I'm trying to convert to Rust a C function that performs a complicated operation by reading from input buffer and writing to a destination buffer, but it has a clever optimization that allows the input and output buffer to be the same:
foo(src, dst); // result is written to dst
foo(buf, buf); // legal in C, does the operation in-place
For the sake of the question let's say it's something like:
void inplace(char *src, char *dst, int len) {
for(int i=0; i < len-1; i++) {
dst[i] = src[i+1] * 2; // algorithm works even if src == dst
}
}
In safe subset of Rust I'd have to have two nearly copy & pasted versions of the function fn(&mut) and fn(&, &mut).
Is there a way to cheat Rust to get both mutable and immutable reference to the same buffer?
Your main function will have to be implemented using unsafe code in order to use raw pointers. Raw pointers allow you to bypass Rust's aliasing rules. You can then have two functions that act as safe façades for this unsafe implementation.
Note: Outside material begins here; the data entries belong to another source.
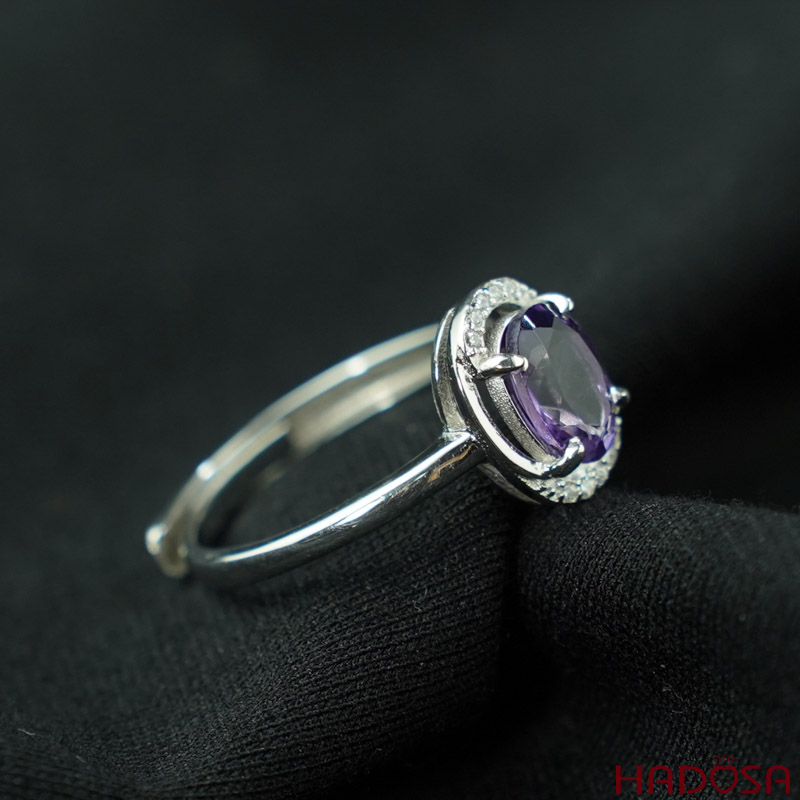 Nhẫn bạc đính đá Thạch Anh Tím 6*8mm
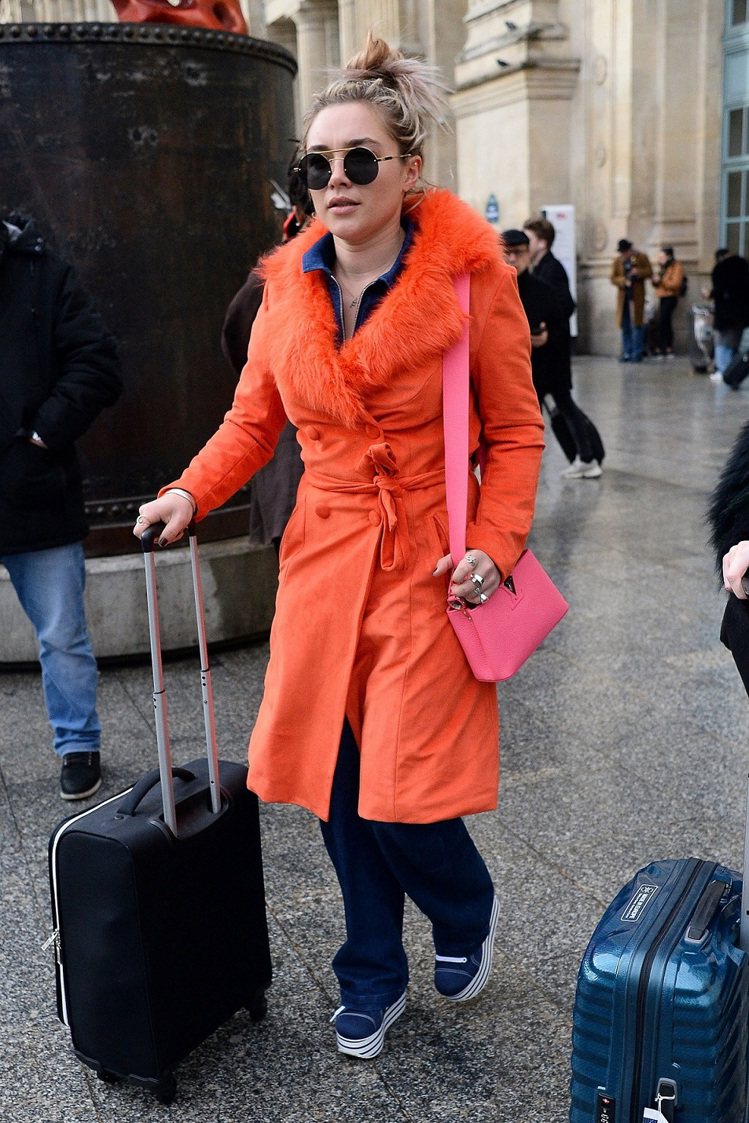 佛蘿倫絲普伊詮釋桃粉色Capucines迷你手袋，搭配橘色相當亮眼。圖／LV提供
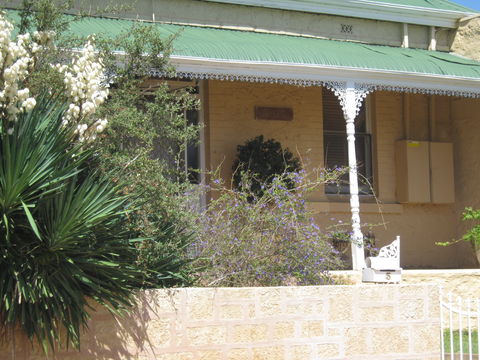 Amalie Cottage - SA Accommodation 0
unsafe fn foo(src: *const u8, dst: *mut u8, len: usize) {
for i in 0..len - 1 {
*dst.offset(i as isize) = *src.offset(i as isize + 1) * 2;
}
}
fn foo_inplace(buf: &mut [u8]) {
unsafe { foo(buf.as_ptr(), buf.as_mut_ptr(), buf.len()) }
}
fn foo_separate(src: &[u8], dst: &mut [u8]) {
assert!(src.len() == dst.len());
unsafe { foo(src.as_ptr(), dst.as_mut_ptr(), src.len()) }
}
fn main() {
let src = &[0, 1, 2, 3, 4, 5];
let dst = &mut [0, 0, 0, 0, 0, 0];
let buf = &mut [11, 22, 33, 44, 55, 66];
foo_separate(src, dst);
foo_inplace(buf);
println!("src: {:?}", src);
println!("dst: {:?}", dst);
println!("buf: {:?}", buf);
}
as_ptr(), as_mut_ptr() and len() are methods on slices.